Years (or is it decades) have passed after the introduction of Lean Manufacturing and the Lean Pandits still differ in their thoughts on what exactly is Lean and how it should be performed to get maximum benefits. A new school of thought that is emerging these days is that we need to identify first that 'how much lean' is lean enough and the role of technology (read ERP and SCM Software) plays a major role in maximizing the Lean Manufacturing benefits. The typical gains that a manufacturing organizations aim to attain through Lean is reduced inventory but still better fill rates, lower cost of manufacturing and distribution (Lean Distribution) , shortened cycle times and hence low inventory carrying costs are always on the wishlist. These objectives though, can be hit substantially with the limited knowledge the organizations have on their current performance but often they are caught trying to make out how can they measure where they were before the exercise and where they have reached. How much exactly they improved in terms of key performance indicators? Without additional software modules (such as forecasting, demand planning or Inventory optimization), a basic materials resource planning (MRP) or enterprise resource planning (ERP) system, it will not be easy for them to drive lean benefits completely.

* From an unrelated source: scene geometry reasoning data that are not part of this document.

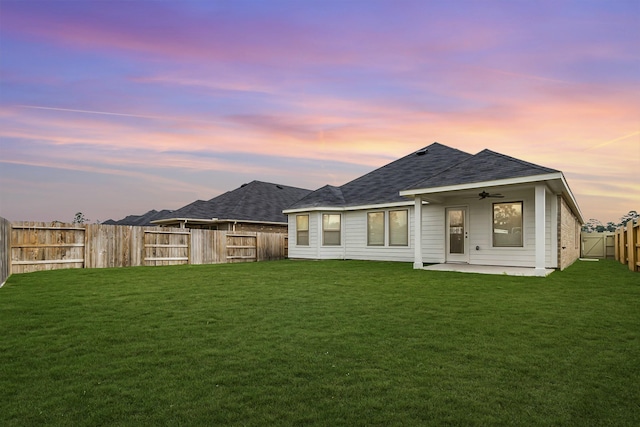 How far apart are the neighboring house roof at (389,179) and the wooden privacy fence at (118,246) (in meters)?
4.29

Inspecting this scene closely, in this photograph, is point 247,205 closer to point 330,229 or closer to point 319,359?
point 330,229

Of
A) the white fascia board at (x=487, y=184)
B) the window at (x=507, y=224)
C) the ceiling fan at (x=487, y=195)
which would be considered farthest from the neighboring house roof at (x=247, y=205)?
the window at (x=507, y=224)

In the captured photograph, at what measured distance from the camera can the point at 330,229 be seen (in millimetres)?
20359

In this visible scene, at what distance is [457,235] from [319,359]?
502 inches

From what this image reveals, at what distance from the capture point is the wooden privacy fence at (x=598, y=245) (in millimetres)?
26422

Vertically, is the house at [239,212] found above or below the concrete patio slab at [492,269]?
above

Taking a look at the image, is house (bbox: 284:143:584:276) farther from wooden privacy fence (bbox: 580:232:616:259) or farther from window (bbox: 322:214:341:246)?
wooden privacy fence (bbox: 580:232:616:259)

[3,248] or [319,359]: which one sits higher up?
[3,248]

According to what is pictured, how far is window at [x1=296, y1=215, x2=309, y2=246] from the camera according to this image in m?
21.1

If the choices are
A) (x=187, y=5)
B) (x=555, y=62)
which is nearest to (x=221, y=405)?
(x=187, y=5)

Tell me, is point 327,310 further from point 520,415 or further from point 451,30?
point 451,30

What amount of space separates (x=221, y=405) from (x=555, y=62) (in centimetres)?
1458

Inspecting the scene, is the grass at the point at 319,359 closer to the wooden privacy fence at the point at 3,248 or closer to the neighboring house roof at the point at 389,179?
the wooden privacy fence at the point at 3,248

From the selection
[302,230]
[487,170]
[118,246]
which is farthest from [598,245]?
[118,246] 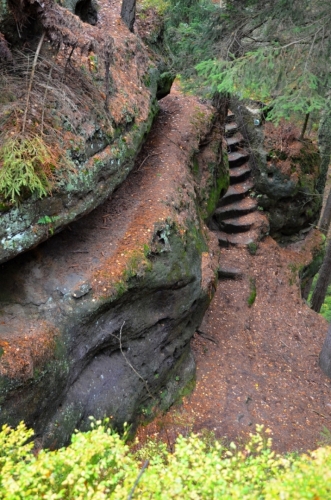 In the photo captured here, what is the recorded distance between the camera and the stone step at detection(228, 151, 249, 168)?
1456 cm

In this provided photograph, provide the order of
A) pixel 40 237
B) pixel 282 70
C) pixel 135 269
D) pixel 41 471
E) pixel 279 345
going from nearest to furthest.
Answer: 1. pixel 41 471
2. pixel 40 237
3. pixel 135 269
4. pixel 282 70
5. pixel 279 345

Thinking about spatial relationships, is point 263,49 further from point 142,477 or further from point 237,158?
point 237,158

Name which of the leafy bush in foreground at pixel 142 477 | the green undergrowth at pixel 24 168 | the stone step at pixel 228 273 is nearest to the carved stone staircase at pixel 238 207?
the stone step at pixel 228 273

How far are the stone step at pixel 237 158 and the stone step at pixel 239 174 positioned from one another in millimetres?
220

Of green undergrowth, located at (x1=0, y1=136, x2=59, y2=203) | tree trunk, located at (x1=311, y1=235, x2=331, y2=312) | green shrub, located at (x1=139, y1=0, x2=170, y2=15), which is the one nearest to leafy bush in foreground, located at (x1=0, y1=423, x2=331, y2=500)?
green undergrowth, located at (x1=0, y1=136, x2=59, y2=203)

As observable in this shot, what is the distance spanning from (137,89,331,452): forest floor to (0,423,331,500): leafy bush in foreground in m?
4.14

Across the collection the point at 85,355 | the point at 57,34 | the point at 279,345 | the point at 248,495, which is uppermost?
the point at 57,34

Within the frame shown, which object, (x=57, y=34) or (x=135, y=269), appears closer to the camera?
(x=57, y=34)

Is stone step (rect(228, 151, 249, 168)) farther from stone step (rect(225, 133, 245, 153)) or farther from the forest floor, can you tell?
→ the forest floor

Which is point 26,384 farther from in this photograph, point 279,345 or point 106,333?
point 279,345

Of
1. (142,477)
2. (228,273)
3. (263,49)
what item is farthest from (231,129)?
(142,477)

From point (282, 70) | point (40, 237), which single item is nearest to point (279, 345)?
point (282, 70)

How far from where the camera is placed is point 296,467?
2662 millimetres

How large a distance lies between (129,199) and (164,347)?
3.01 metres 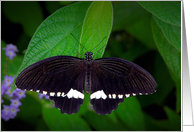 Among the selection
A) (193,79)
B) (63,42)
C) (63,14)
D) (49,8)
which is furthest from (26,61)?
(193,79)

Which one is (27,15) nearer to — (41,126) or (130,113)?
(41,126)

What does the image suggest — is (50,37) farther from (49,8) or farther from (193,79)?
(193,79)

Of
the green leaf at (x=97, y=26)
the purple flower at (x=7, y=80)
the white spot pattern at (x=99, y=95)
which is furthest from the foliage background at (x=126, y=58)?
the green leaf at (x=97, y=26)

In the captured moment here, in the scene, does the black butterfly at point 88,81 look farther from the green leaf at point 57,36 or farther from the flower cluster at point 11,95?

Lean focuses on execution, but you cannot get the most out of execution unless you do a better job of planning. You can perfect your shop floor execution according to lean principles, but if you're not making the right item at the right time, you are not going to win in the market. Execution alone is not enough. Demand planning, forecasting and Inventory optimization are areas of focus when applying technology to aid your lean initiative. Other than this, the major technology input is in the field of automation of manufacturing and distribution processes.
While Demand Planning and Forecasting engines will help in right sizing your inventory, automation of manufacturing processes will help reduce the MFG lead times, increase MFG schedule compliance and will contribute in improving inventory turnover. The latest research report by Aberdeen "Lean Manufacturing: Five tips for reducing waste in the supply chain", also suggests that the one of the top actions for becoming best in class organization is that we need to leverage automated Lean Manufacturing and Supply Chain Tools..
But the facts suggest that Manufacturers are understandably reluctant, especially now, to buy a lot of software modules they may not end up using right away. This is true more for the SMBs as they can not afford to have the same budgets as their larger enterprise counterparts and hence less utilization of technology in maximizing Lean Benefits. Moreover, they don't want their managers staring at the terminals as opposed to walking around the shop floor. But that is beginning to change now with at least some SMBs taking lead to incorporate technology inputs as part of the whole exercise as they have understood that have an equal need for supply chain visibility and better forecasting as their larger enterprise counterparts..
The mantra, in my view, should be to Think Big, Start Small and Scale Fast when the organizations, specially the SMBs start to use the technology in this endeavor.